Chest, rest

I fell ill. It began in Stockholm. I had a sore throat and a dry, tickling cough. I remember thinking, oh no, no, no. Not this week. Not with the Great North Run on Sunday. On the last run I did, I had to stop and cough a lot, but I was hoping that it didn’t get worse. By “worse,” I mean that it didn’t go down into my chest. The runner’s rule: anything above the neck, you can probably run. Anything below it, don’t. Or, chest equals rest.

On the Friday before the Great North Run on Sunday, I felt OK. I decided to do Parkrun on Saturday as I’d missed a run and wanted to work my legs. I cycled over to Roundhay with my running club-mate Andrew, and I set off with no intentions of being fast. In fact I was a minute faster than I have been for a while, which when you’re running for under half-an-hour, is more significant than it sounds. I don’t do Parkruns very often. I love them, I really do, but I’ve just had other running priorities. And much as I love their inclusiveness and encouragement of all runners of any ability, I do find the wearing of 50 and 100 t-shirts and Parkrun-totting-up to be a bit odd. Or at least, not something I must aspire to, as I’ve only done 11 in three years and I don’t think there’s a t-shirt for that.

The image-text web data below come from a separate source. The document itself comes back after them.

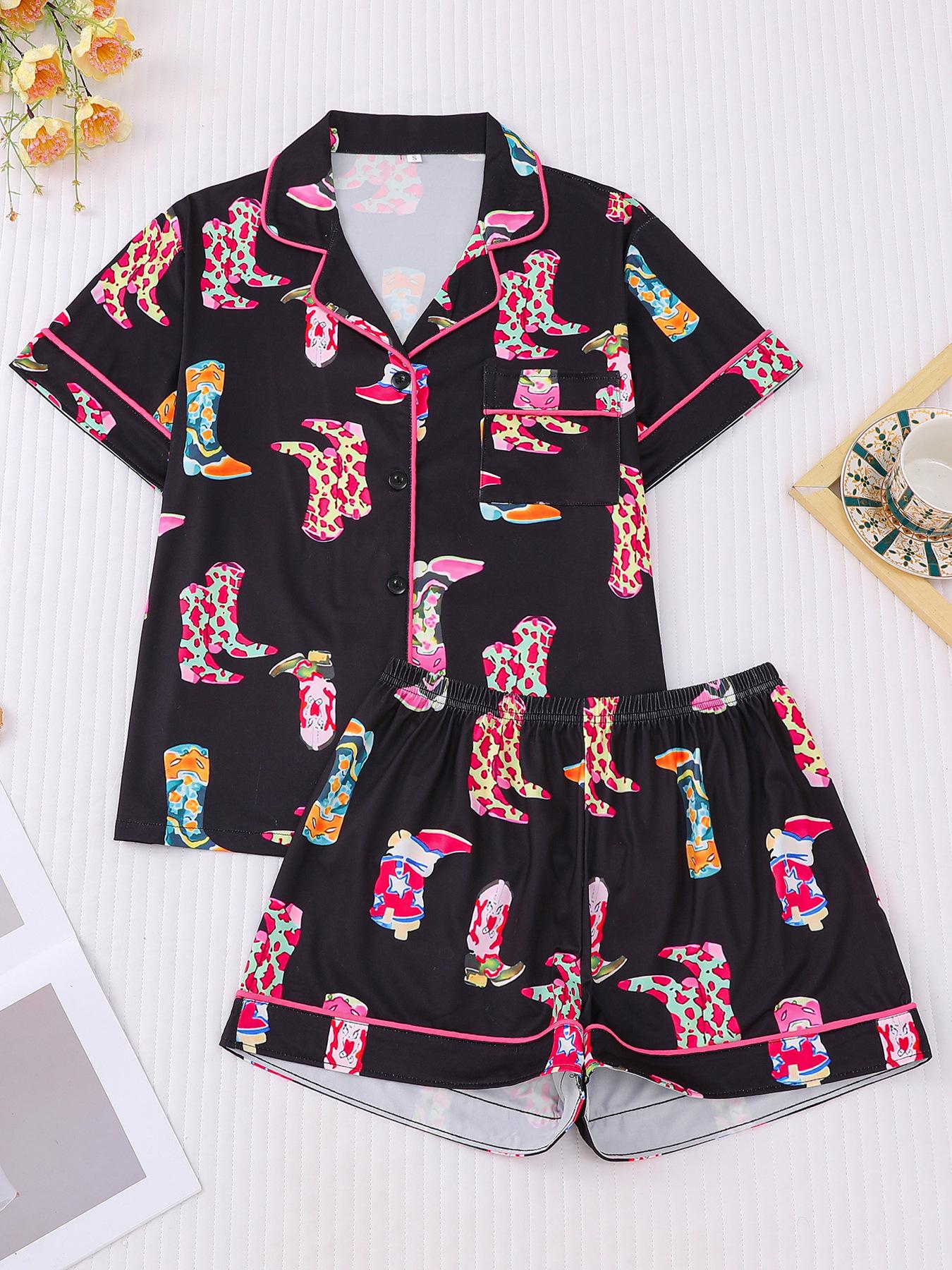 

2025 Лето Европейский и Американский Стиль Принт Отложной Воротник Повседневный Комплект для Дома с Коротким Рукавом и Шортами S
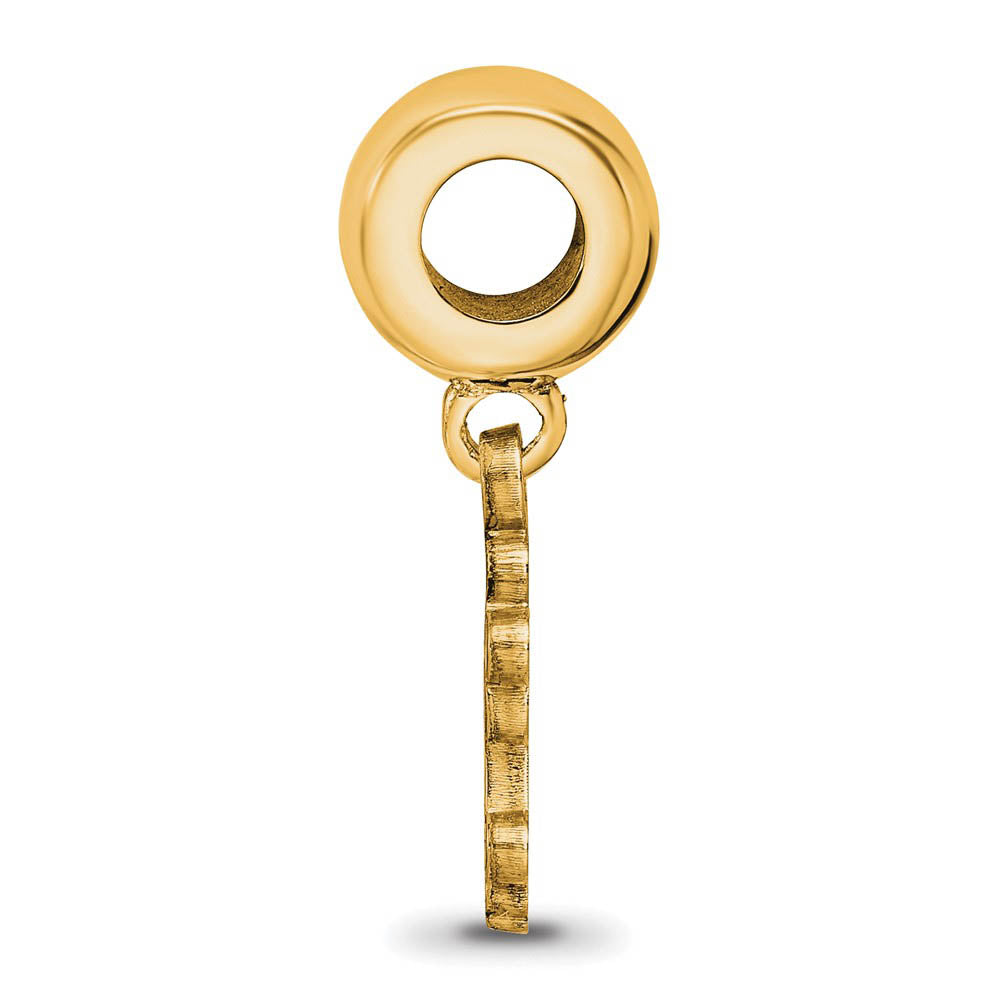 Alternate view of the 14k Gold Plated Silver William and Mary Small Dangle Bead Charm by The Black Bow Jewelry Co.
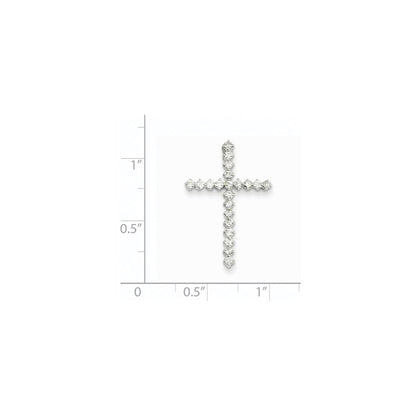 14K Weißgold Diamant-Kreuz-Anhänger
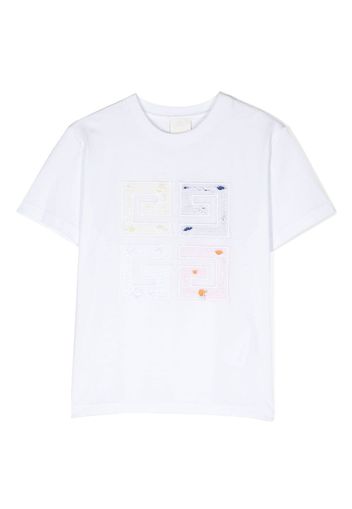 Givenchy Kids 4G logo-embroidered T-shirt - Bianco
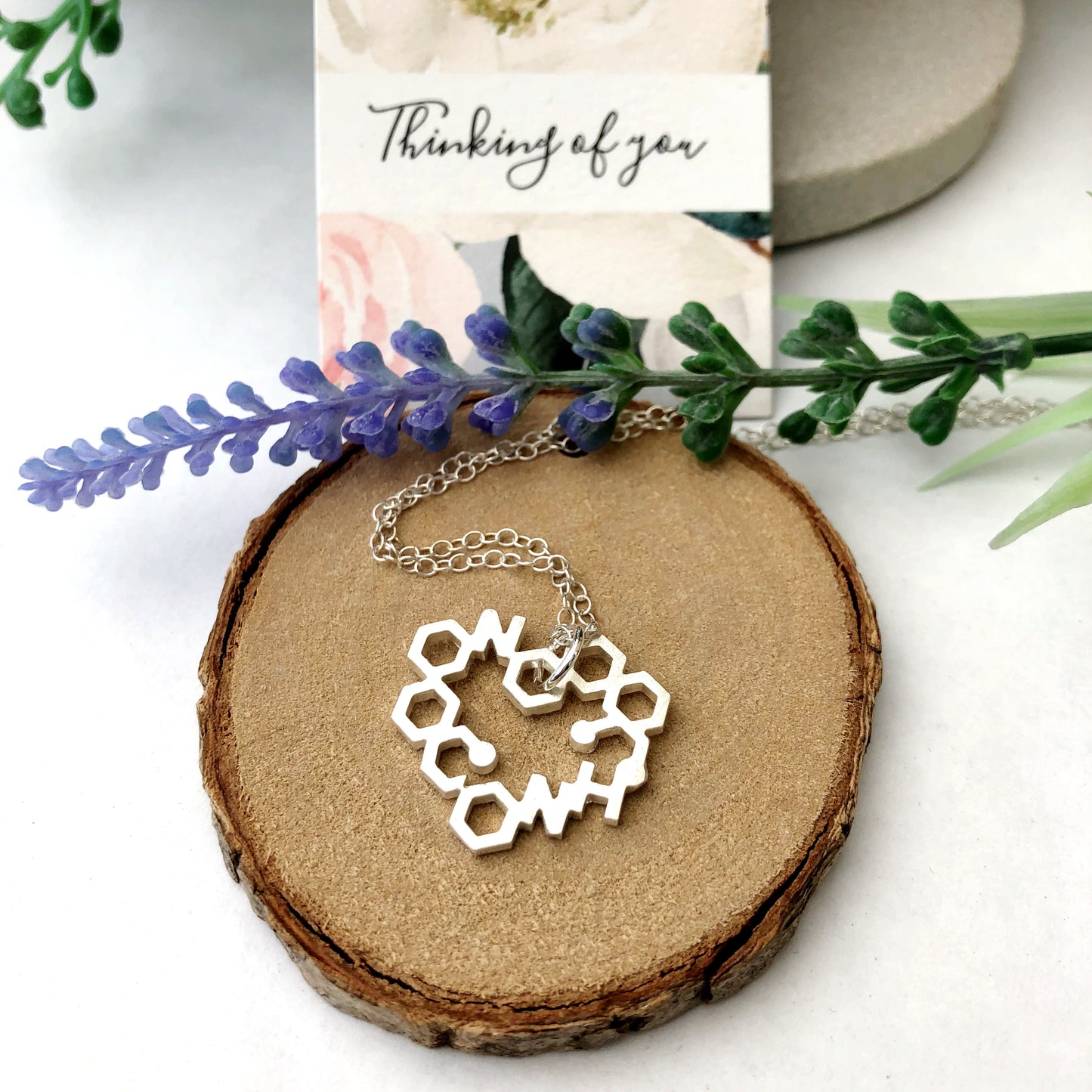 Sterling Silver Love Chemistry Geometric Heart Necklace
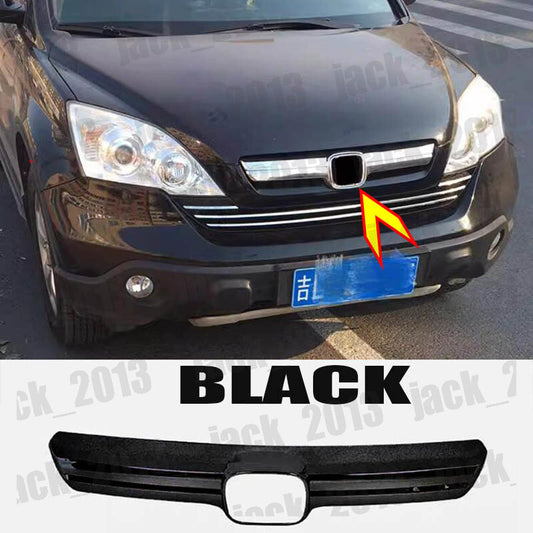 Front Upper Black Chrome Bumper Hood Grille Trim for Honda CRV CR-V 2007-2011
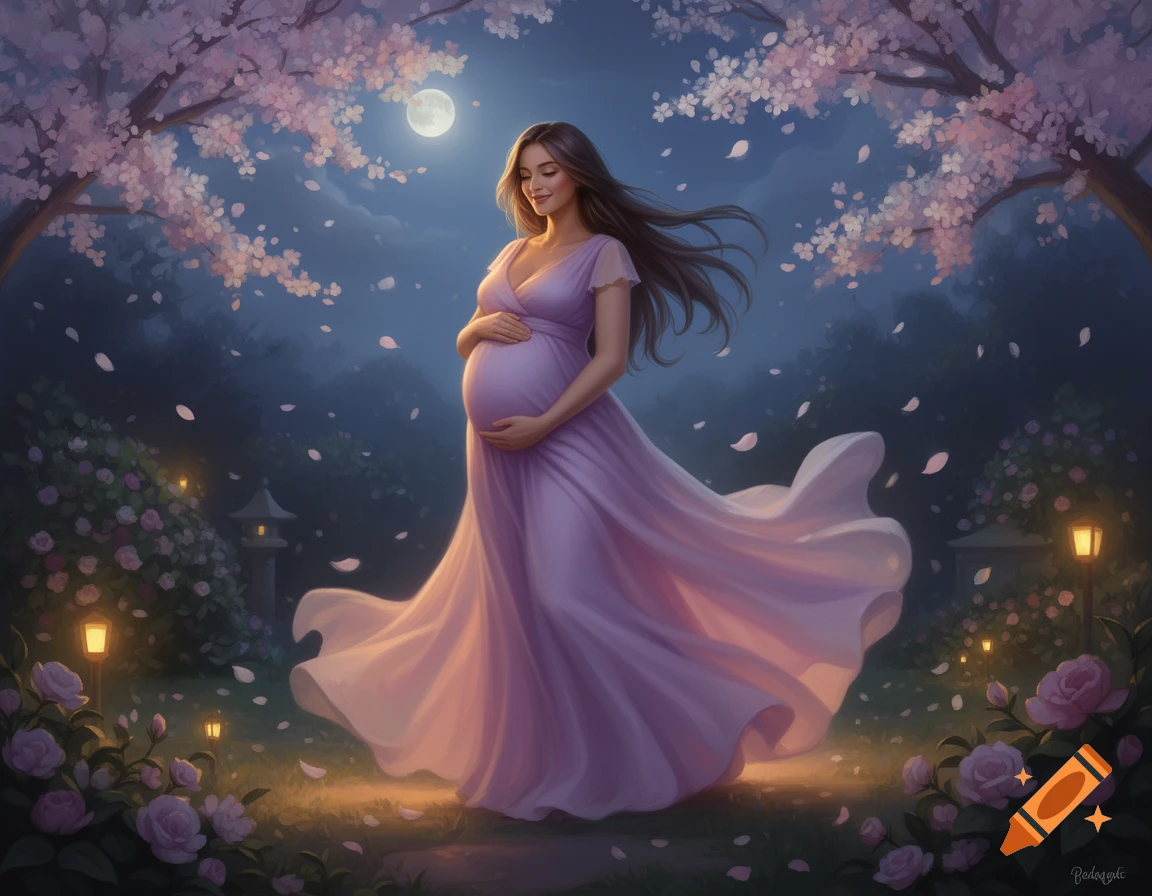 Ethereal illustration of a pregnant woman in a flowing purple dress, holding her belly under a full moon in a cherry blossom garden.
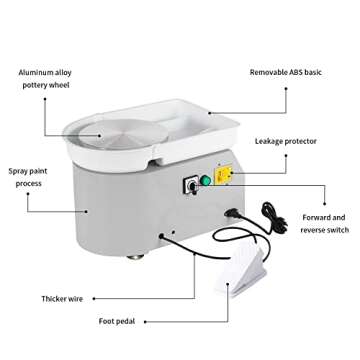 ZXMT Pottery Wheel Machine 9.8'' Electric Table Top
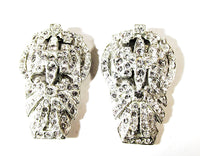 1930s Vintage Stunning Pair of Art Deco Diamante Dress Clips - Front - Thumbnail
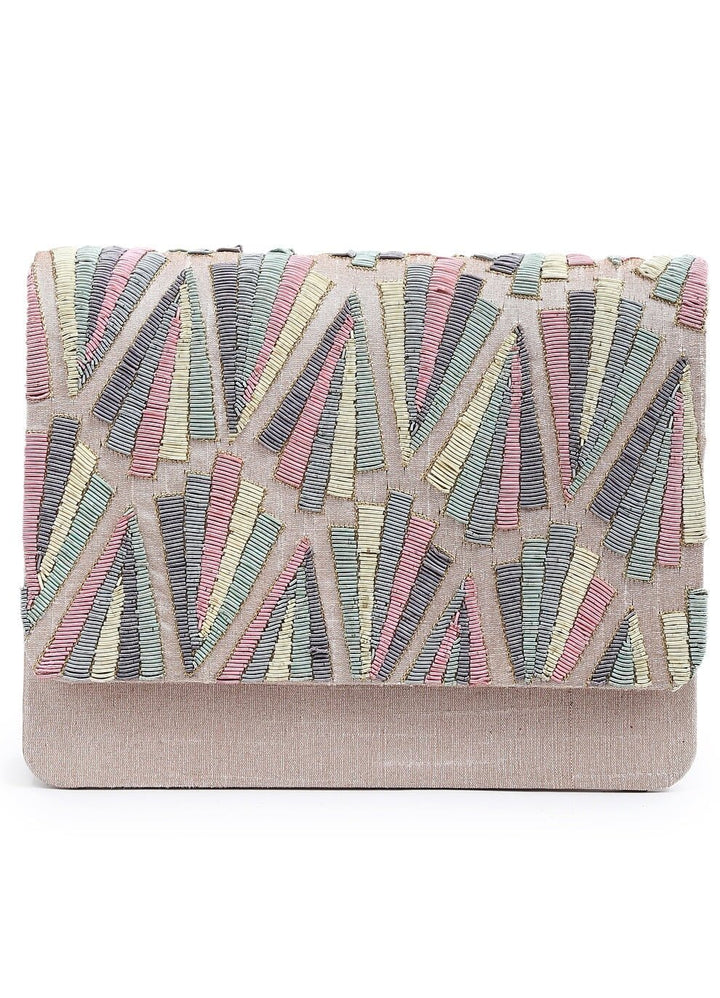 Ivory Patterned Beads Clutch The Purple Sack - Fabilicious Fashion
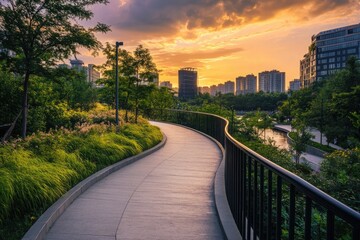 Obraz premium Curved Pathway Through Green Park with City Buildings and Vivid Sunset Scenery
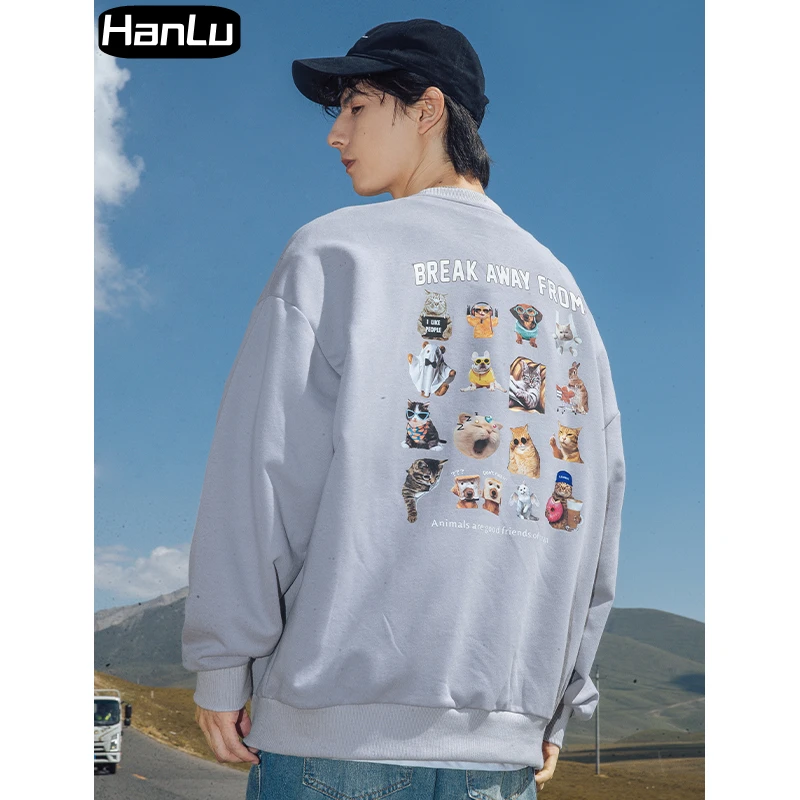 Men's Autumn New American Cartoon Print Top Men's Heavyweight Loose Round Neck Couple Top Coat Y2k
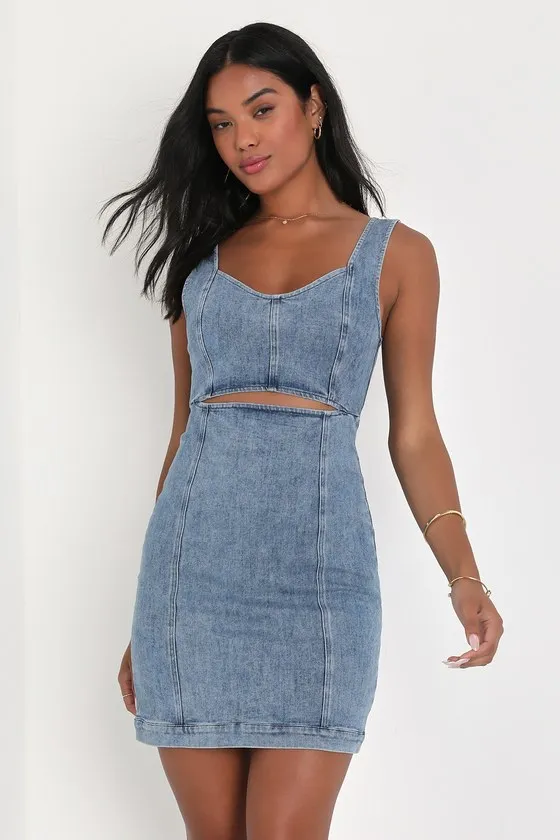 Charming Edge Light Blue Denim Cutout Mini Dress sold by Lulus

After the run, as we gathered at the bandstand, I began to cough. Oh dear. And it was a different cough. This was not tickly and in my throat, but sending stuff up from my lungs. My cough had become what chemists and manufacturers of cough syrup call “productive.” I got home, delivered a marrow to the allotment association show, then lay on my bed and worried. I felt unwell, but how unwell? Was I bad enough not to run? But I had raised sponsorship for the run for WaterAid. I was supposed to be running with my mate Elliot. He was expecting me in Newcastle. I packed my things and set off up north. First though, I called at the designer outlet in York which I stupidly thought was on the way, as I always forget that to get to York from the A1 you have to go sideways. At the outlet, I felt worse and worse. My head began to pound. I was coughing. I phoned Elliot and he said, are you sure you want to run? I wasn’t. I set off in the car, intending to drive to Newcastle and then if necessary, cheer people on if I was too unwell. But then realised I had to take the road heading towards Leeds to get back on the A1 to got north, and it was raining, and I felt crap, and I just kept driving until I got home. I phoned Elliot, I went to bed, and I was sick for a week. I watched the Great North Run on TV, and thought Mo Farah’s victory was pretty suspicious, when it seemed clear that Kigen could have even only slightly kicked and trounced Mo. But I didn’t want to be there. I didn’t want to run. That’s how I knew I was ill. The thought of running even a mile horrified me.

That’s not like me.

I was unwell for a week. I went through bottles of cough syrup and packets of paracetamol. I couldn’t talk on the phone without collapsing into coughing. But after a few days, I began to feel better. Then I knew I was really better when I wanted to run again. Jenny, my trainer, suggested doing a couple of six mile runs on the weekend. But I was still coughing, and it was still in my lungs. I consulted my running mates, because I didn’t know what else to do. I’d done enough Dr. Google research to know that if I went to my GP, she’d tell me to start worrying when the cough had lasted for more than three weeks. I didn’t have three weeks to spare: the Yorkshire marathon is 26 days away, and my training has already been worryingly hit and miss. I remember at this point in my London marathon training I felt knackered but fit. I was  leaner and stronger than I feel now. My club-mates mostly advised caution, except for Laura, who said, do a half hour hilly bike ride and if you feel crap, don’t run. She admitted that probably wasn’t scientific. And Adam, who said he didn’t believe in the below/above the neck thing and if I ran without putting up my heart rate, it might be alright.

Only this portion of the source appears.